Она приняла меня приветливо, показала мою комнату. Комната эта была размером такова, что по длинной стороне точно помещалась кровать, а по короткой кровать стать не могла бы. За это она просила 25 рублей в месяц. Я не торговался, меня загипнотизировала лампадка, уютно горевшая перед большой иконой в углу. В сочельник это было как-то особенно приятно и звучало приветом «оттуда».
Заметив мой взгляд, она спросила:
— Прикажете убрать икону? Многие сейчас не признают.
Я ответил:
— Нет, оставьте. Мы никому не мешаем исповедовать свои религиозные верования.
Это «мы» мне самому понравилось: веско было сказано.
* * *
— Она вас особенно расспрашивать не будет, — сказал тихонько Василий Степаныч. — Я ей порассказал, что вас переводят в Москву из провинции, что у вас вышли крупные семейные неприятности.

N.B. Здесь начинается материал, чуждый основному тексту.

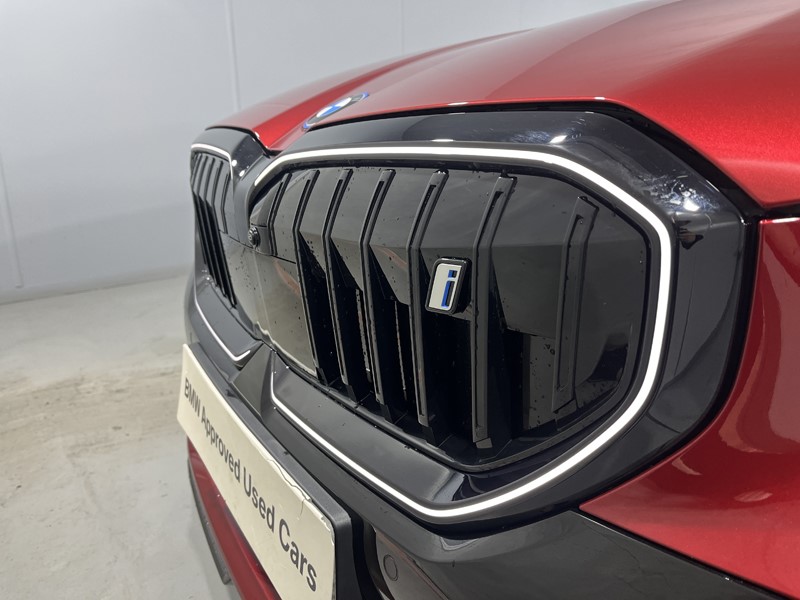 2026 (26) BMW I5 250kW eDr40 M Sport Pro 84kWh 4dr Auto Tech PLUS/Comf PLUS 5601441
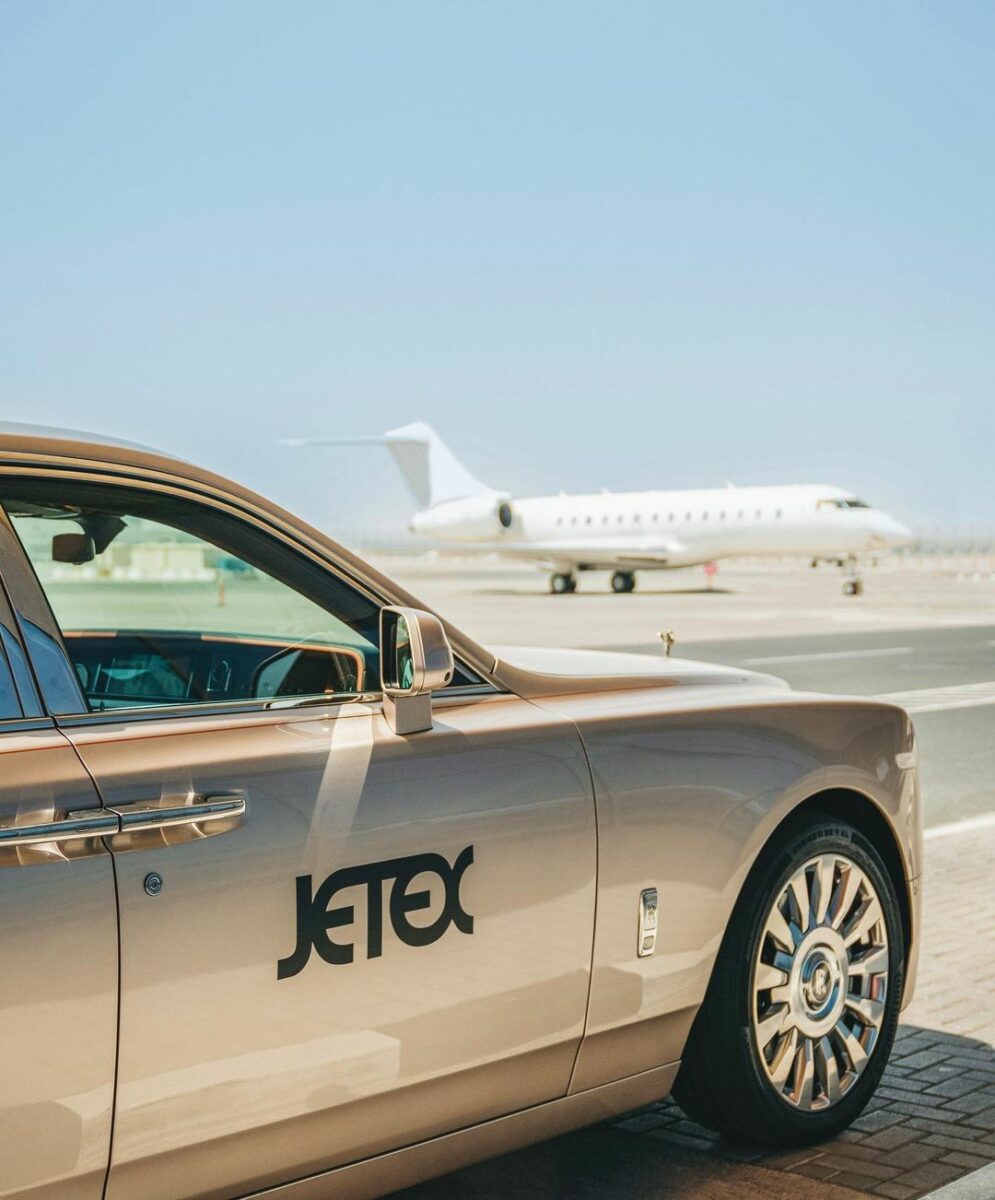 Flight Jet Comparing Costs of Last-Minute Private Jets vs. Commercial Flights ...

Что вам нужно немножко отдохнуть и лучше не задавать вопросов. Вы ей только заплатите вперед.
И он ушел.
А я остался в этом рождественском домике. Акклиматизация произошла в тот же вечер. Тут жить самостийной жизнью невозможно было. Дом представлял из себя, собственно говоря, одну комнату, разделенную дощатыми перегородками. Так что все обитатели дома, не выходя из своих «комнат», вели общий разговор. Я, усевшись в своей каморке, должен был отвечать, например, на такие апострофы:
— Эдуард Эмильич (она сейчас же усвоила мое имя). Может, чайку выпили б?.. Оно хорошо с морозу… Я, грешным делом, чайница большая. Прикажете, самоварчик поставлю!..

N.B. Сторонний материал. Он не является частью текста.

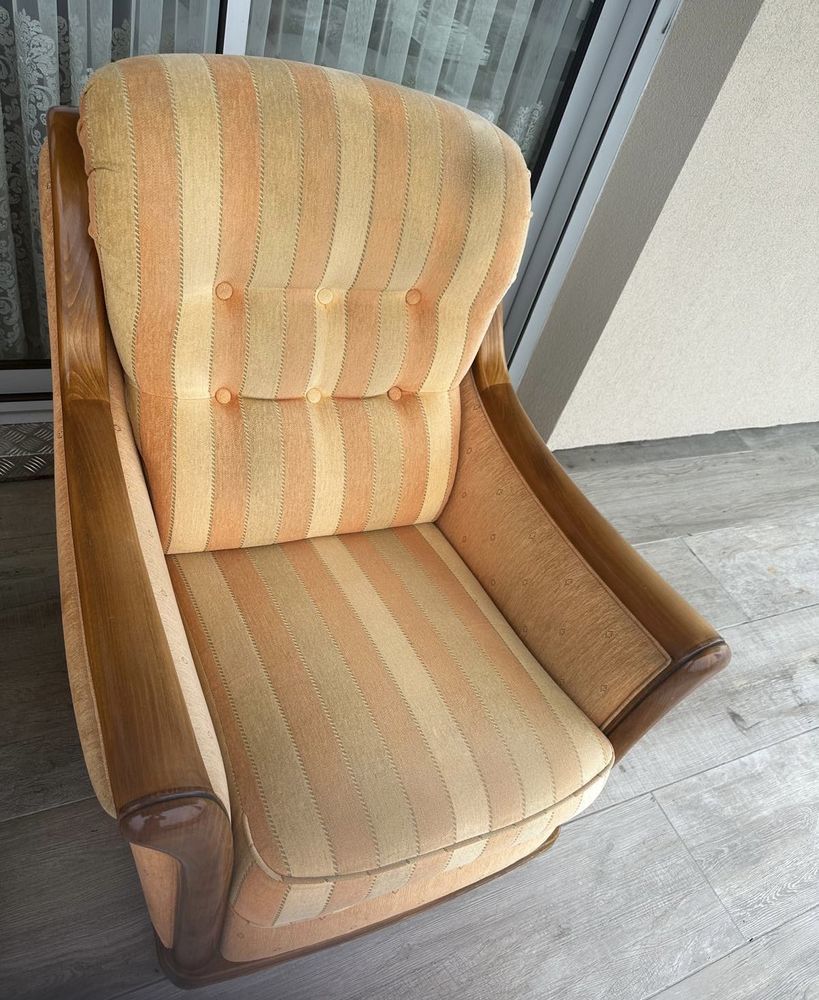 Deux fauteuil Jacques Leleu 300 Jarny (54)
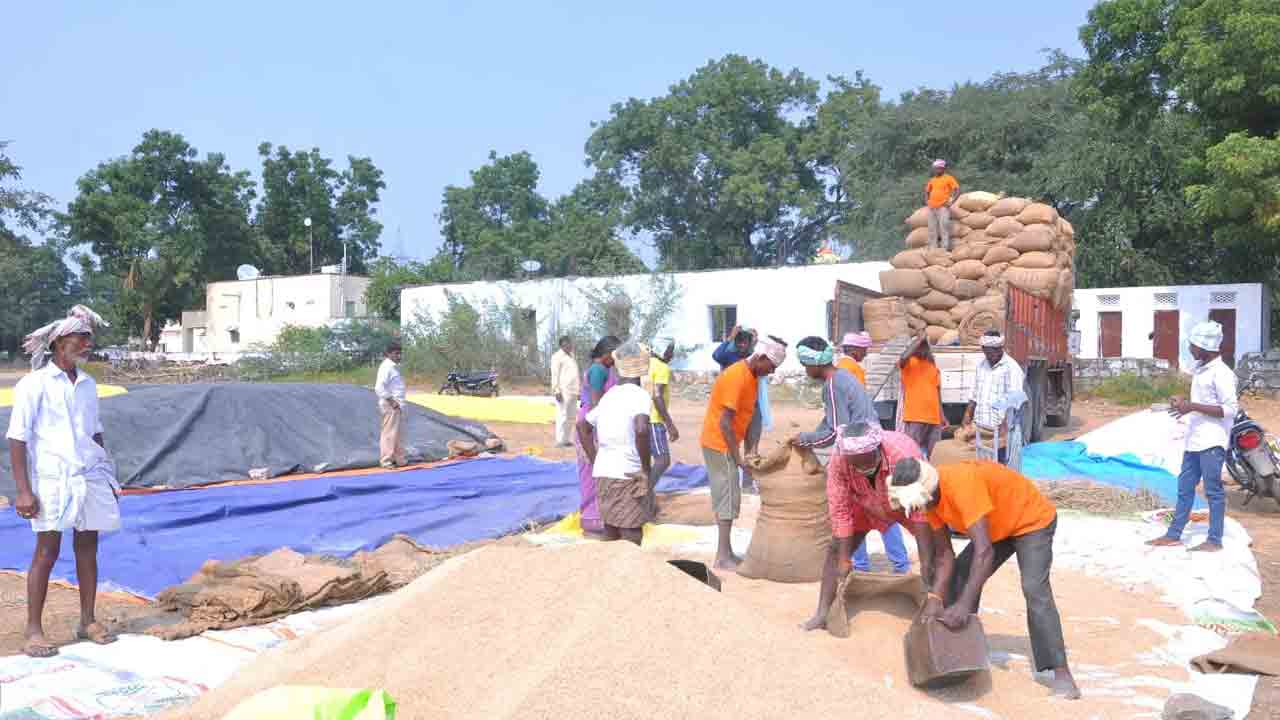 కోతల జోరు.. కొనుగోళ్ల హోరు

Я не зажигал лампы и сидел наедине с лампадкой. В глазах хозяйки я должен сохранять облик советского служащего, равнодушного к религиозным вопросам, и потому я не мог ей выразить, что она меня тронула своей заботливостью. Именно в этот Рождественский вечер.
В том отделении, где у них была столовая, стоял большой киот, весь уставленный образами. Елку не зажгли, детей еще не было. Но все же она стояла в другом уголку, поблескивая орехами. Мы стали чайничать вдвоем и вели осторожный разговор о том о сем. Разговор этот, если бы я мог его вспомнить, наверное, показался бы мне смешным впоследствии.
* * *
И вот я зажил в этом домике. По моим делам мне приходилось некоторое время просто выжидать. Мои друзья — я говорю об Антоне Антоныче и тех, кто стоял за ним (а я уже ясно чувствовал их, так сказать, невидимое присутствие), употребляли в это время все старания, чтобы найти моего сына, по данным мною указаниям и приметам. Это требовалот времени.
* * *
Обитателей этого домика было трое, кроме меня: старушка, дочь и сын. Дети разговаривали с матерью немного грубо, за что я их журил. Это была, кажется, первая почва для сближения с этой семьей. Трудно описать, как это вообще происходит в человеческих отношениях, как и почему люди привыкают друг к другу. Словом, они стали относиться ко мне доверчиво, быстро разобрав, что я хотя, конечно, советский служащий, но естеством своим принадлежу к старомуь миру.
Старушка не стеснялась высказывать передо мной свои мысли и воззрения. В особенности это делалось во время вкушения пищи, ибо я стал у них столоваться — для простоты.
Лейтмотив был всегда один и тот же. Разве теперь так, как было?! То «время» казалось золотым сном невозвратным. Между тем социальное ее положение было самое маленькое «при царях». Муж ее занимал ничтожное местечко, но все же, слава Богу, жили хорошо. И вот этот домик у них был построен до войны еще. На счастье поставили такой крохотный, что его у нее не отобрали. Но все прелести революции пережили. Голодали жестоко. Ездили, как и все, в южные губернии, к хохлам, за продовольствием.
— И знаете, Эдуард Эмильевич, как они ели! Это вот поставят такую целую миску, как большой умывальник, мяса и хлеба каждому по три фунта кусище! Просто удивительно, чтобы мог человек это выдержать… право!
И это было именно тогда, когда Северная Россия буквально умирала с голоду. Удивительный пример того равенства, которое установил коммунизм.
Затем все остальное — по программе. Вся унизительная цепь голодного рабства, что и есть социализм.
* * *
Старушка говорила тем певучим голосом «московских просвирен», у которых Пушкин советовал учиться русскому языку. Иногда она рассказывала интересные вещи. Я расспрашивал ее, кто тут живет вообще в этом месте.